* Items listed in a dataset:
----------

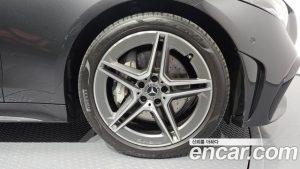 Mercedes-Benz CLS-Class CLS300d 4MATIC 2023 года из Южной Кореи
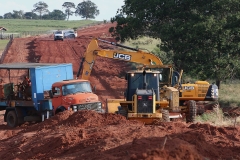 Obras de cascalhamento da MS 422 - Foto Edemir Rodrigues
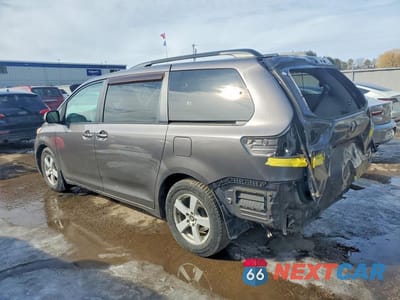 Drugie zdjęcie samochodu z przodu: 2011 TOYOTA SIENNA XLE VIN:5TDDK3DC6BS023610 - miniatura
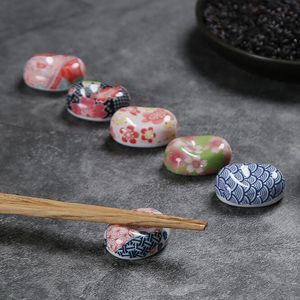 Симпатичные японские керамические изделия слитки палочки для еды стенд стойки фарфора ложка вилка держатель украшения стола Оптовая QW9617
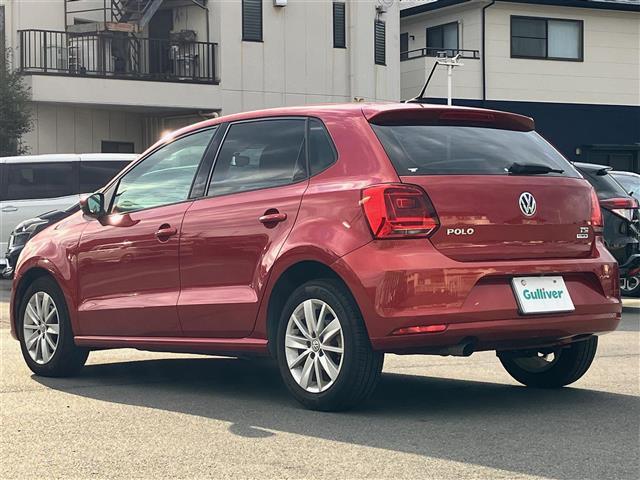 ポロ TSIコンフォートライン 純正ナビ/バックカメラ/ドライブレコーダー前後/リモコンキー/スペアキー1本/パドルシフト/レーダークルーズコントロール/純正アルミホイール/オートライト/W+サイドエアバッグ/横滑り防止装置(6枚目)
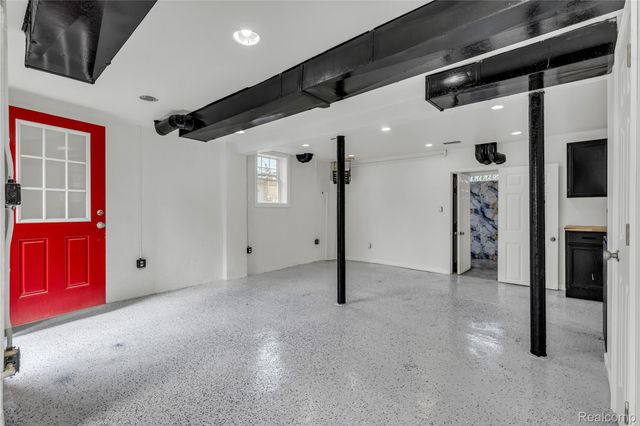 15158 Dacosta Street, Detroit, MI 48223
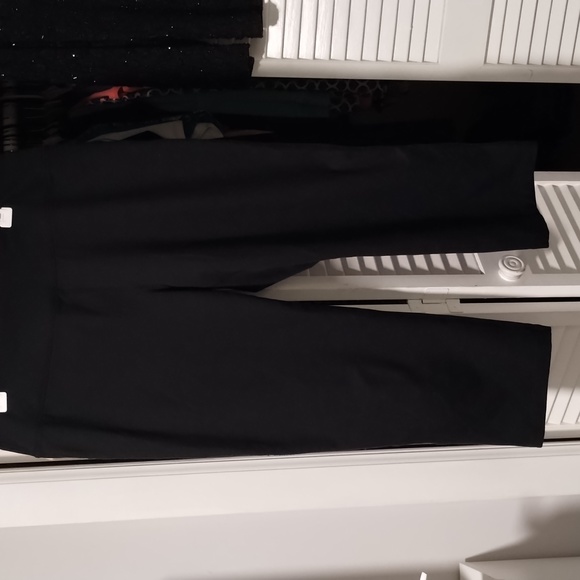 Active Crop yoga pants - Picture 2 of 8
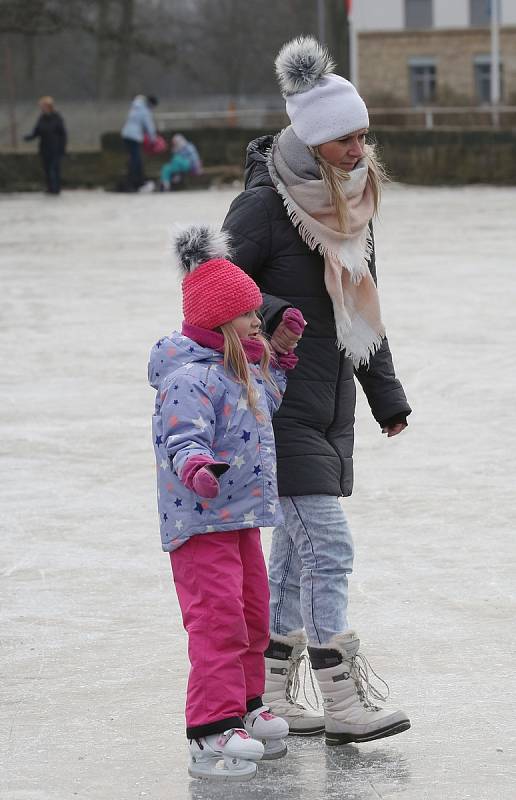 Desítky bruslařů využíva poslední zbytky zimy a bruslí na rebníku pod Děčínským zámkem.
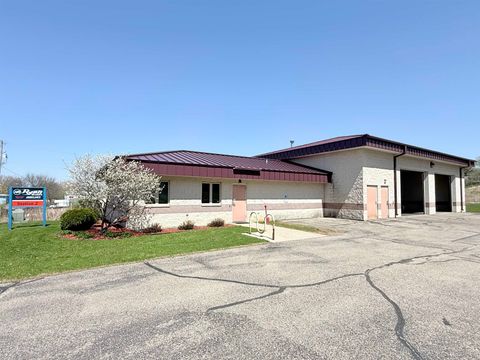 Photo of 819 Walsh Road, Madison, WI 53714 (MLS # 2024418)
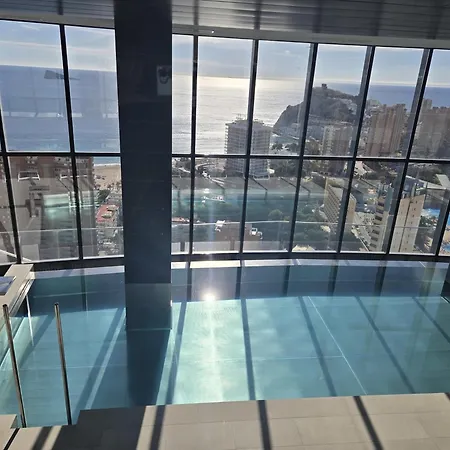 1 * Benidorm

----------

* What is being asked: Transcribe all of the records exactly, without reproducing their pictures.

* Problem solution:
 Mercedes-Benz CLS-Class CLS300d 4MATIC 2023 года из Южной Кореи
 Obras de cascalhamento da MS 422 - Foto Edemir Rodrigues
 Drugie zdjęcie samochodu z przodu: 2011 TOYOTA SIENNA XLE VIN:5TDDK3DC6BS023610 - miniatura
 Симпатичные японские керамические изделия слитки палочки для еды стенд стойки фарфора ложка вилка держатель украшения стола Оптовая QW9617
 ポロ TSIコンフォートライン 純正ナビ/バックカメラ/ドライブレコーダー前後/リモコンキー/スペアキー1本/パドルシフト/レーダークルーズコントロール/純正アルミホイール/オートライト/W+サイドエアバッグ/横滑り防止装置(6枚目)
 15158 Dacosta Street, Detroit, MI 48223
 Active Crop yoga pants - Picture 2 of 8
 Desítky bruslařů využíva poslední zbytky zimy a bruslí na rebníku pod Děčínským zámkem.
 Photo of 819 Walsh Road, Madison, WI 53714 (MLS # 2024418)
 1 * Benidorm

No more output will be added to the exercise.